MNA for Abitibi-Ouest
- In office 1973–1976
- Preceded by: Aurèle Audet
- Succeeded by: François Gendron

Personal details
- Born: January 9, 1936 (age 90) Amos, Quebec, Canada
- Party: Liberal

= Jean-Hugues Boutin =

Canadian politician

Jean-Hugues Boutin (/fr/; born January 9, 1936) is a former Canadian politician, who served as mayor of Amos, Quebec from 1971 to 1974, and in the National Assembly of Quebec from 1973 to 1976.
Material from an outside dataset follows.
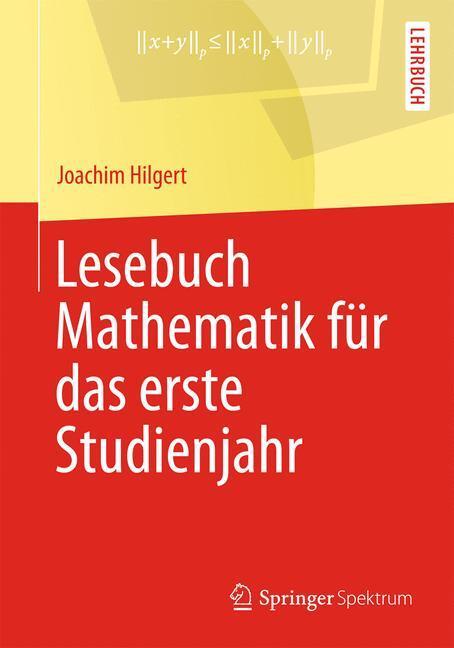 Cover: 9783642347542 | Lesebuch Mathematik für das erste Studienjahr | Joachim Hilgert | Buch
Born and raised in Amos, he was educated at the Université de Montréal and Université Laval before joining his father's company, Jean B. Boutin Inc., in 1961. He was first elected to the city's municipal council in 1967, serving until his election as mayor in 1971. Elected to the National Assembly in the 1973 election as a Liberal, he served as a provincial legislator until his defeat by François Gendron of the Parti Québécois in the 1976 election.

Following his defeat, he worked in an administrative capacity for the municipality of Baie-James, and later became a certified financial planner. He served on the board of directors of AXA Canada in 2005 and 2006.